Like any industry in the modern world, farming and agriculture embraced technology like a long-lost friend. Suddenly, tilling — a centuries-old practice of loosening plant soil — could be done in a matter of minutes. No shovels, hoes, or hours of manpower. Engine-operated tractors with calibrated wheels and blades could cut through rows of land, increasing yields, and changing the way fields were farmed for the next 50 years.

Today, farmers aren’t as wide-eyed and bushy-tailed over high-tech tilling — or tilling at all. While tractors get the job done fast, it comes at the expense of soil biodiversity, crop nutrients, and the balance of carbon dioxide in the atmosphere. What was once considered efficient is now known as degenerative — farming that takes from the land and gives nothing back. 

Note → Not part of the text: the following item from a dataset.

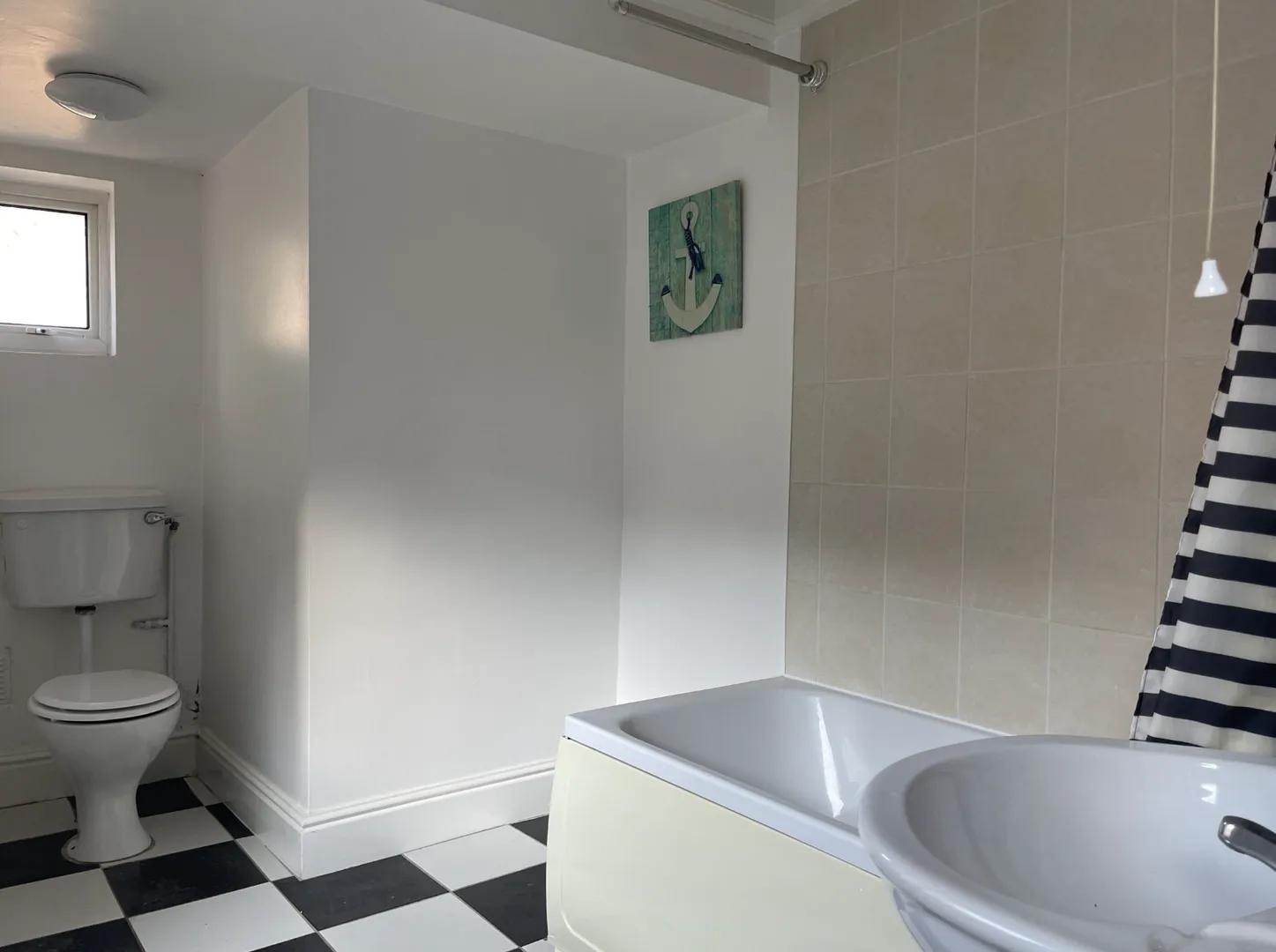 Welcoming 4 Bed House // AUG 2026 - Image 8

But there’s a wave of farmers ready to reverse this trend, and over the past five years, regenerative agriculture has quickly gained momentum. Regenerative agriculture puts life back into the soil through low-till or no-till practices, bringing the land to its natural balance, and over time, attains self-sustainability. 

Many Island farmers have jumped on the regenerative bandwagon, but there are some new key players in the game this season, and they’re entering it with the big picture in mind — to assume the risk of what works and what doesn’t, and create a framework for other Martha’s Vineyard farms to follow. 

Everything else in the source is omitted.